As part of the deal customers must agree to receive personalised advertisements matched to information that is provided when the account is set up. Customers must provide information on spending habits, planned online purchases and either passport or driving licence information. The offer is also only available to 16-24 year olds which clearly outlines Blyks target demographic.
This deal comes after recent articles have been released detailing how mobile phone companies are readdressing network policies, moving increasingly toward a system that enables them to better monitor messages and voice exchanges in order to compile accurate user information which in turn can be sold to advertisers.
Although any plans are in the very early stages, mobile networks have suggested that any technology used to monitor customer preferences could include an opt out clause, however no guarantees have been made. The Data Protection Act does currently restrict the use of personal data by mobile phone companies and they cannot pass on information to a third party without the consent of that person. However there are also ethical issues with such a technology, and the potential for this technology to be abused is a big worry for many.
Motorola are already said to have developed technology that can scan text messages for details on customer location and activity. This technology could enable keywords such as ‘Food’ or ‘Hungry’ to be scanned in text messages and as a result an advert for a local restaurant, in relation to the mobiles emitted GPS data, could be served to the users handset.
We can already see how exsisting models serving personalised adverts as a result of archieved user data have proved lucrative in the area of internet search, and many social networks are also devising such a model. As a result of recent developments in mobile search, information collected from mobile users would essentially create a gold mine for network providers, and as the web experience greatly improves on the mobile over the coming year this data could be harvested.

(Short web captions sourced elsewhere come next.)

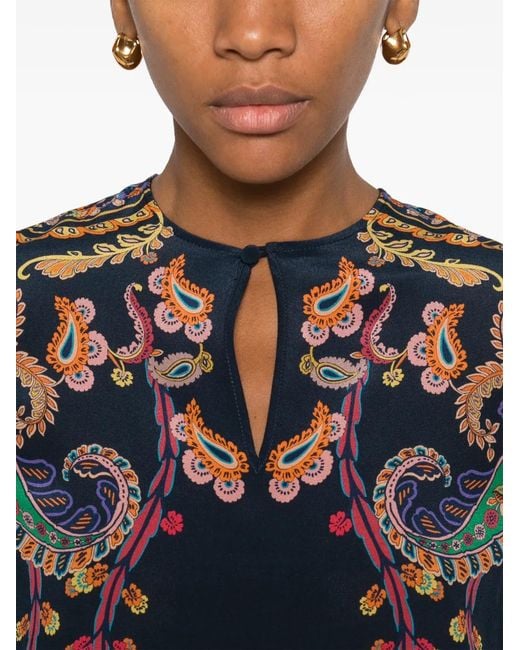 Etro Blue Paisley Round Neck Top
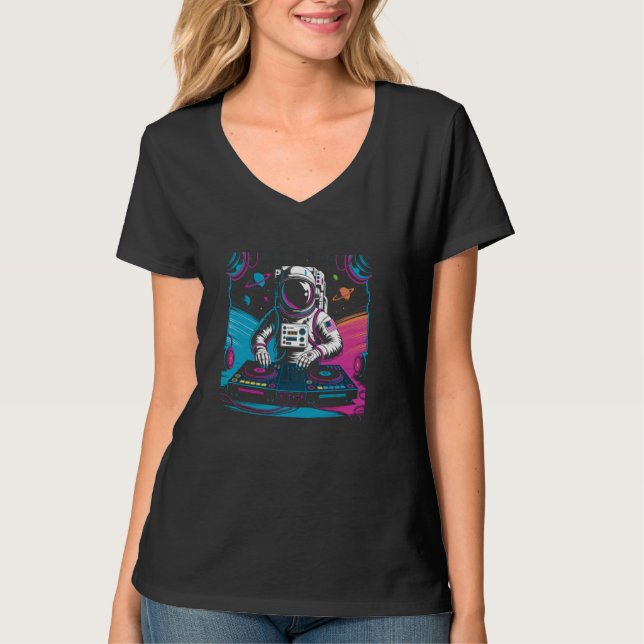 Astronaut Disk Jockey Spaceman DJ Space Music T Shirt (Framsida)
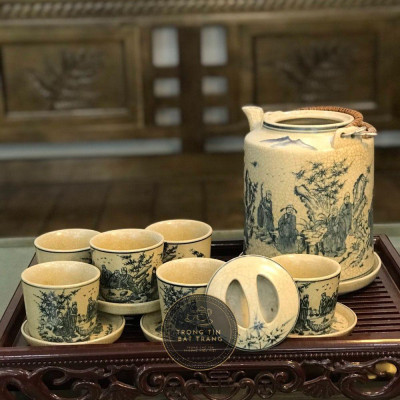 Bộ Ấm Tích Men Rạn Bát Tràng Họa Tiết Trúc Lâm Thất Hiền Dáng Dương Dũng Dung Tích 1800ml AHL 23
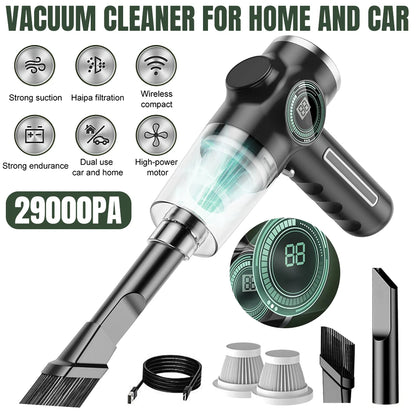 Mini Handheld Wireless Vacuum Cleaner With Strong Suction & 3 filters 120W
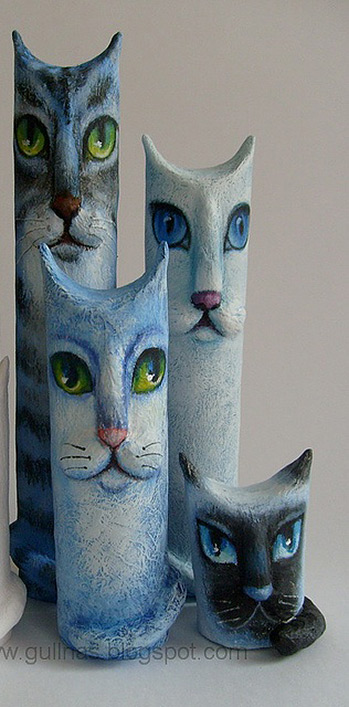 gullnas.blogspot.com.es Cat sculptures made from tubes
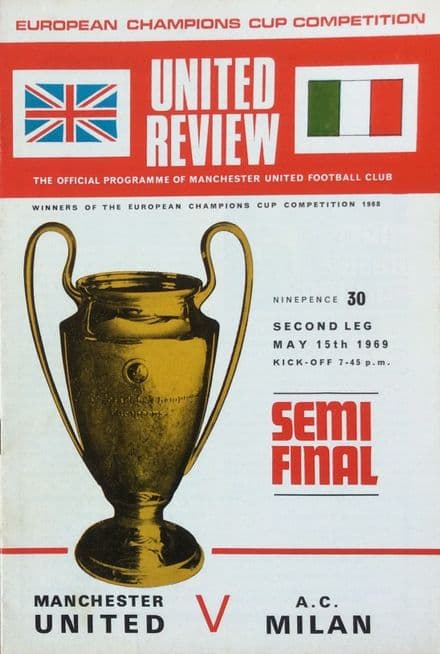 Manchester United v AC Milan, European Cup SF (1969, May 15th)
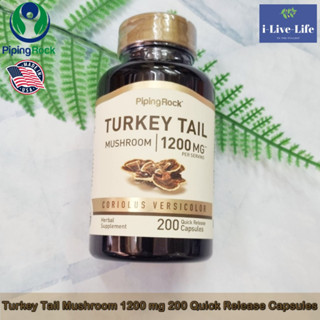 PipingRock - Turkey Tail Mushroom 1200 mg 200 Quick Release Capsules  อาหารเสริม เห็ดหางไก่งวง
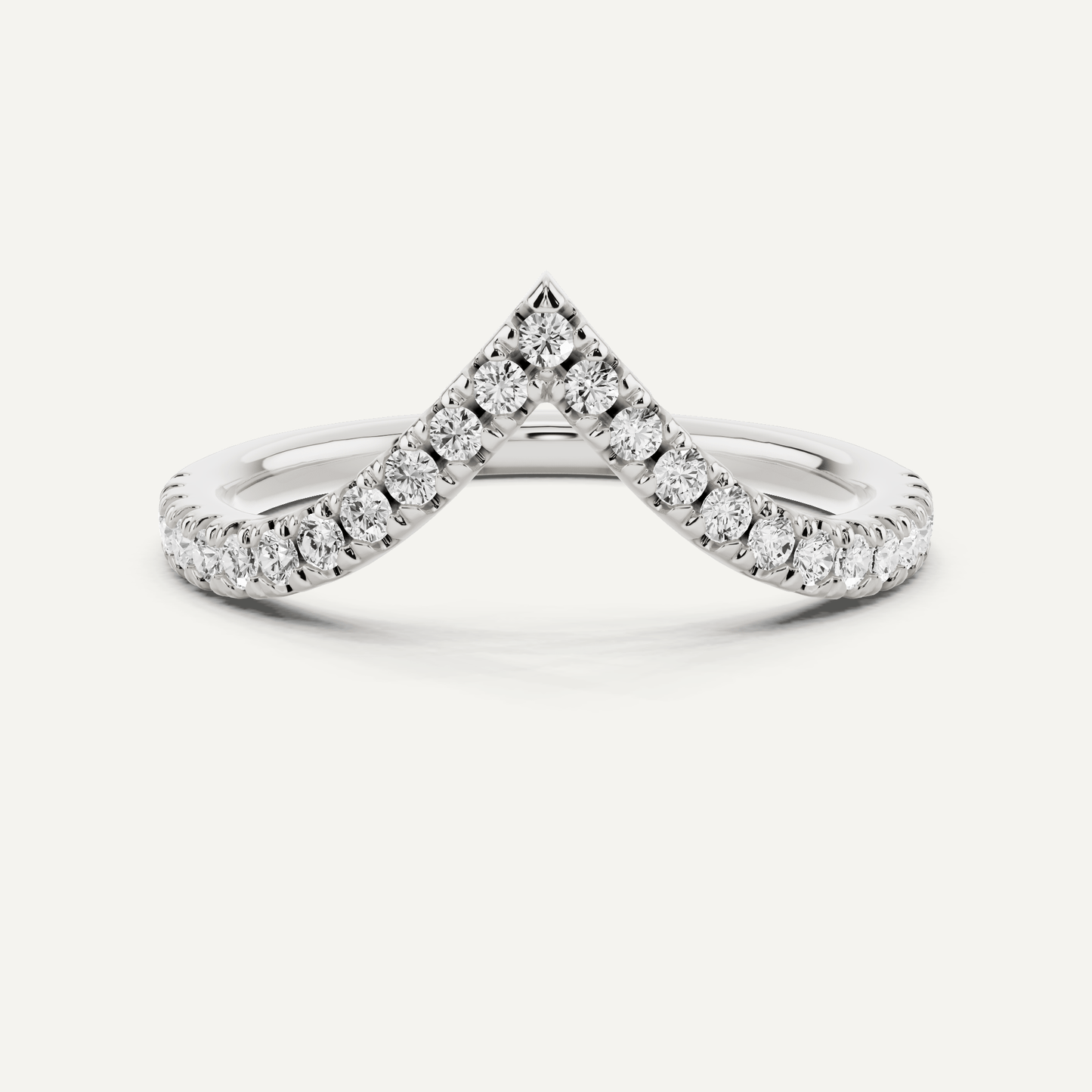 1/4 ctw Round Diamond Chevron Wedding Band - Lotus Diamond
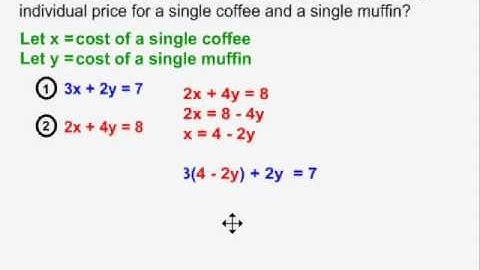 Word Problems With 2 Unknowns - Example 1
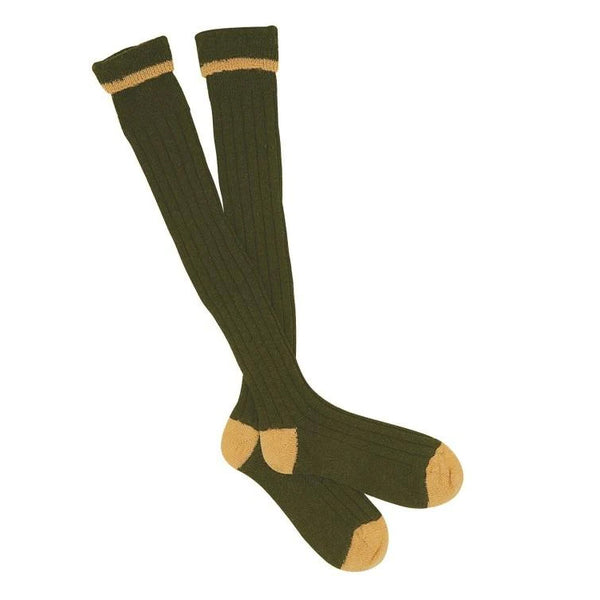 Barbour Contrast Gun Stockings - Olive/Gold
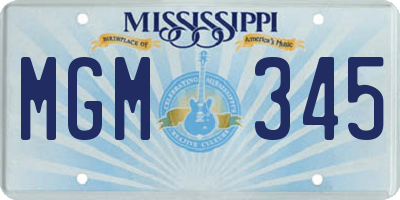 MS license plate MGM345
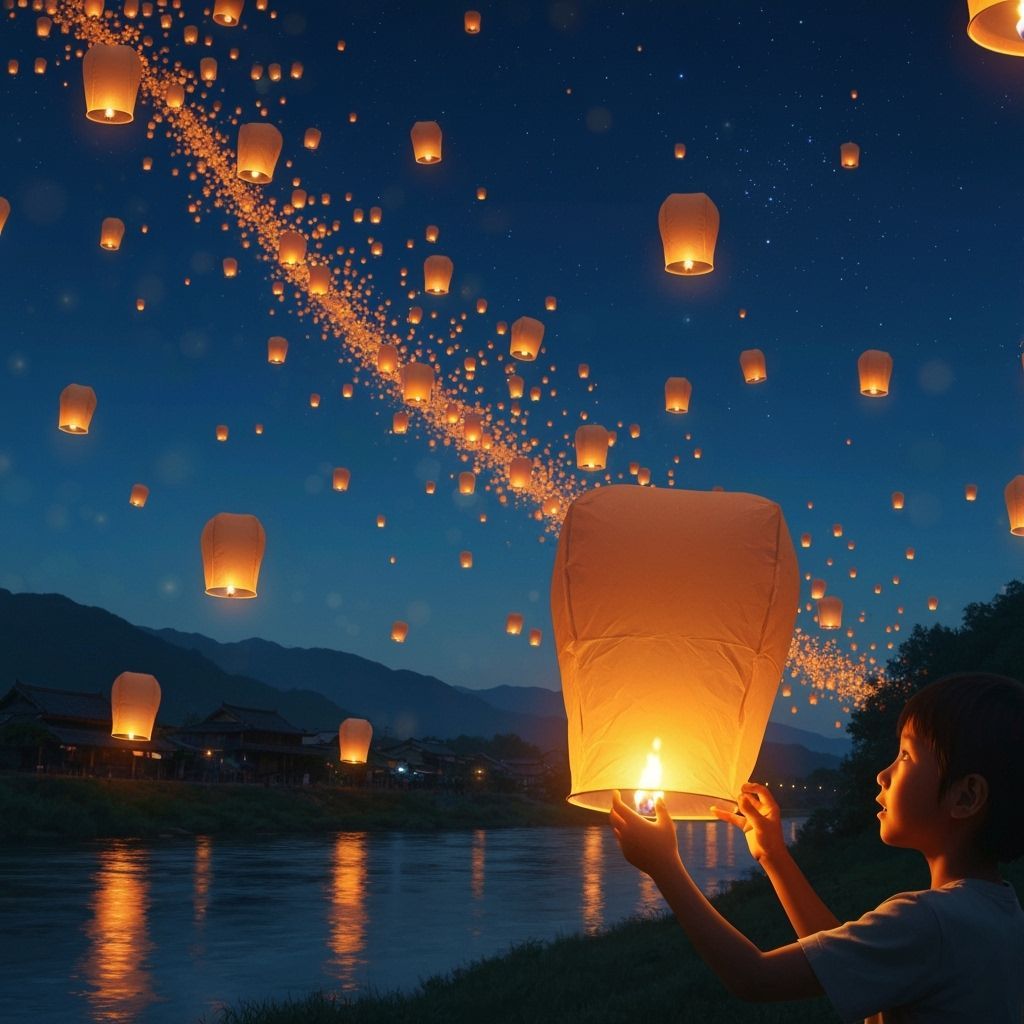 Glowing Lanterns Rise at Riverside Village Festival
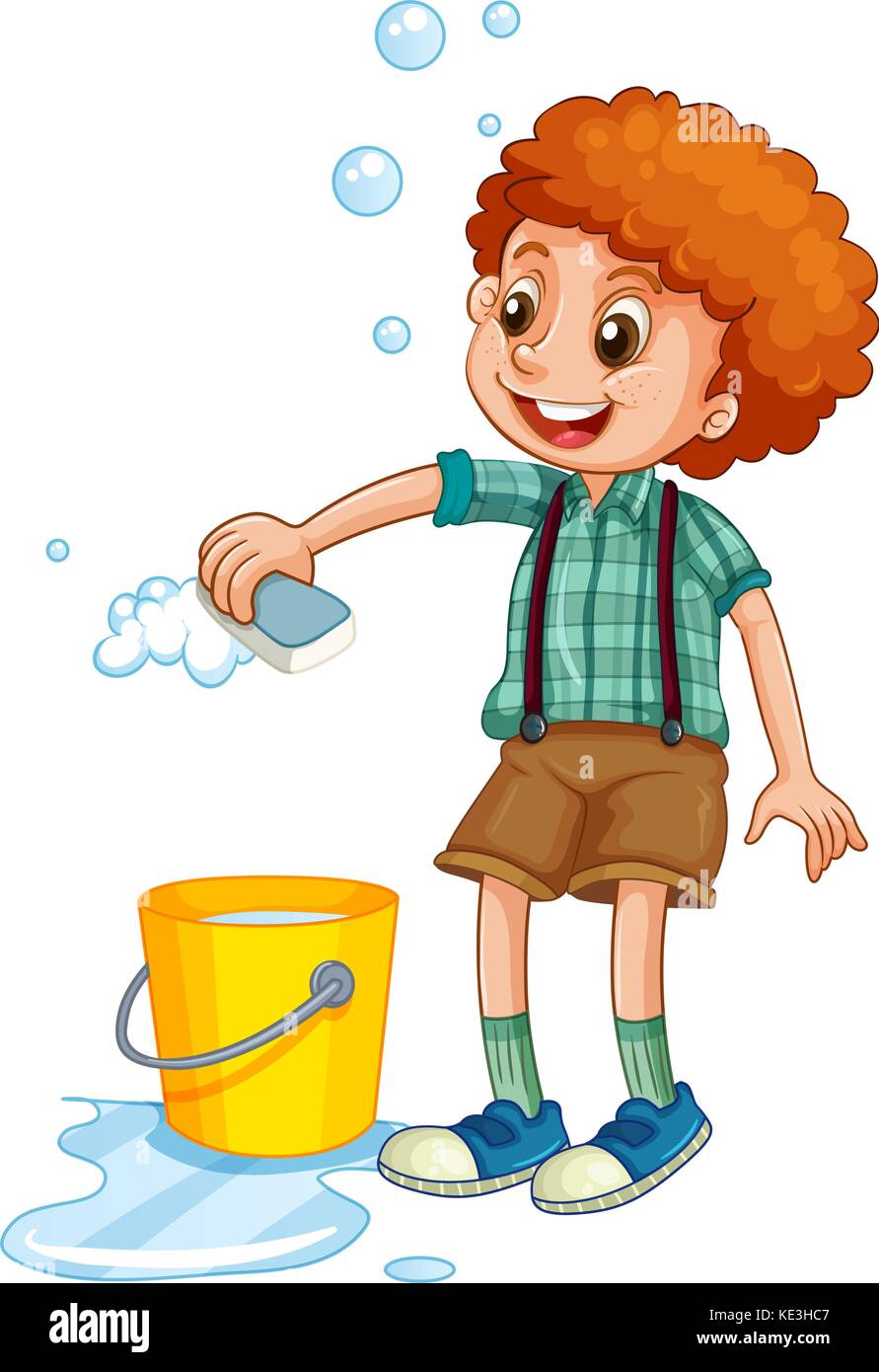 Boy cleaning with sponge illustration Stock Vector Image & Art Alamy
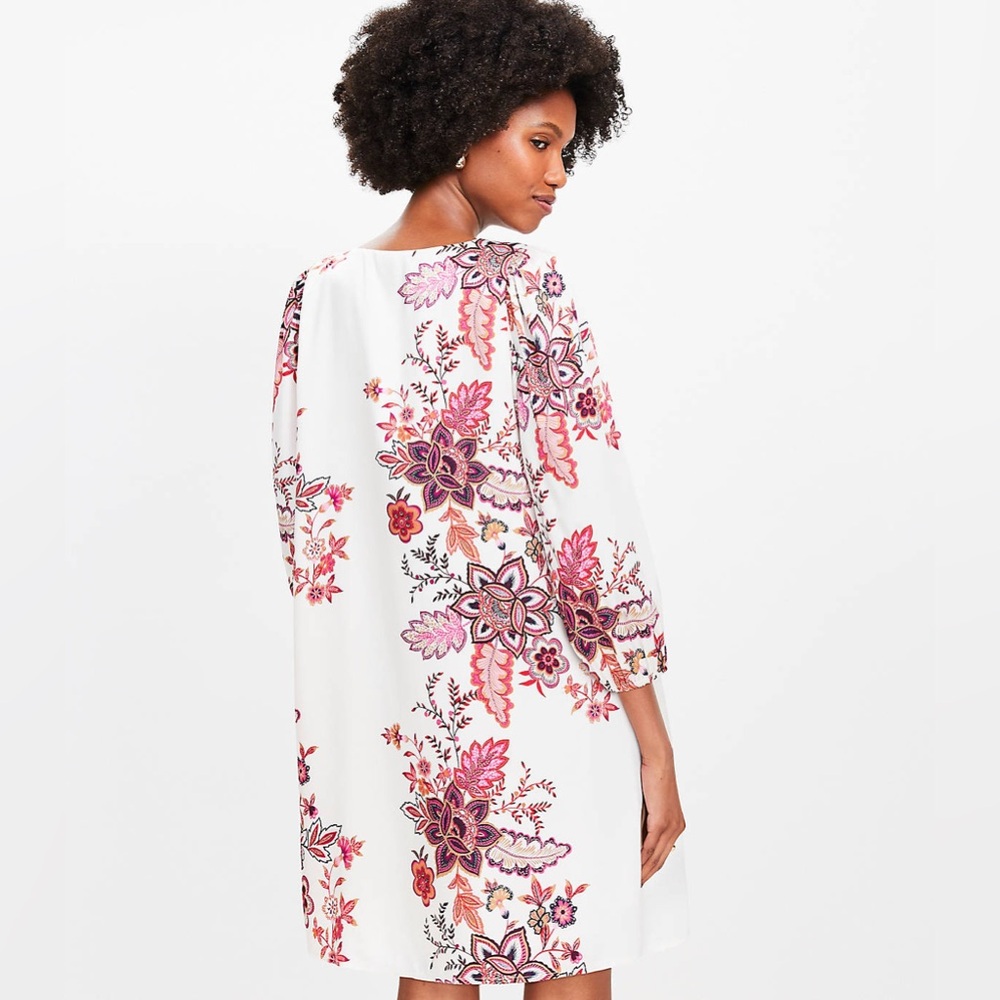 Loft Garden Pleated V-Neck‎ Swing Dress, Small - Picture 2 of 8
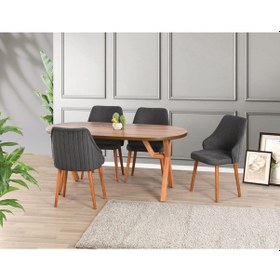 Resim Uyar Ceviz 4 Adet Verona Sandalye 90 160 Sahra Sabit Masa Takımı 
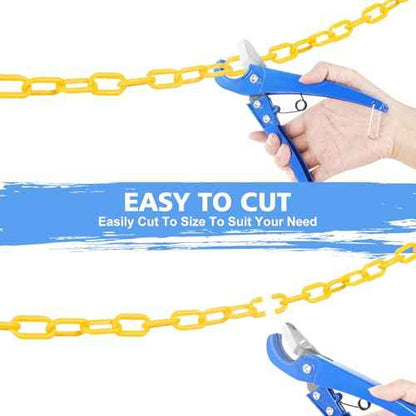 100FT Plastic Chain, Yellow Plastic Chain Links, Waterproof Safety Chain, Plastic Barrier Chains for Crowd Control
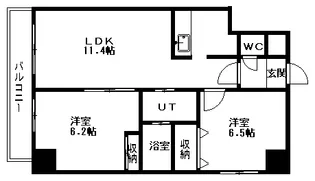 リヴェール山鼻【6階】の間取り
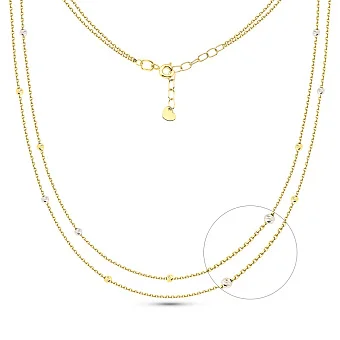 Двойное колье из желтого и белого золота (арт. 360179жб)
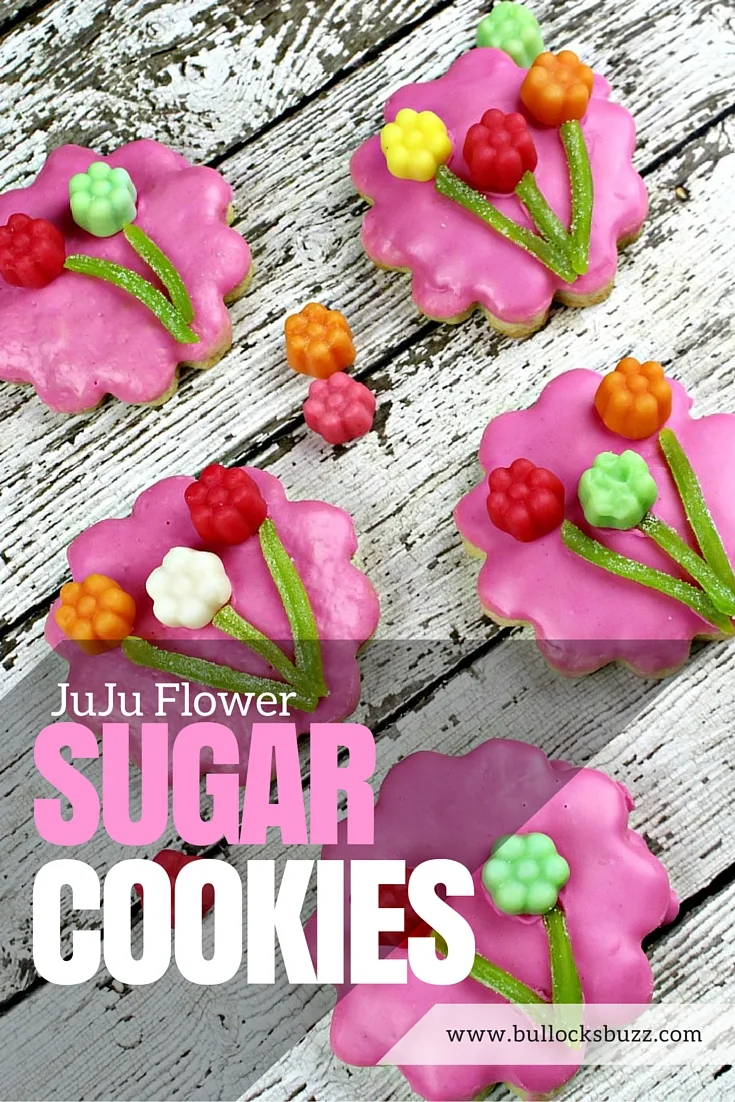 Deliciously sweet sugar cookies topped with JuJu Flowers for an extra special treat. Perfect for spring celebrations or a homemade Mother's Day gift!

Some estimates predict the market for mobile advertising will exceed £5.5 billion by 2011, and companies willing to part with information on user trends would certainly receive a large slice of that pie.
With these estimates I’m guessing Blyk may be the first, buy will certainly not be the only network to offer the delivery of adverts to the mobile handsets of customers in return for cheaper or even free services. For now I’ll keep my personal data off limits and pay my monthly contract fee.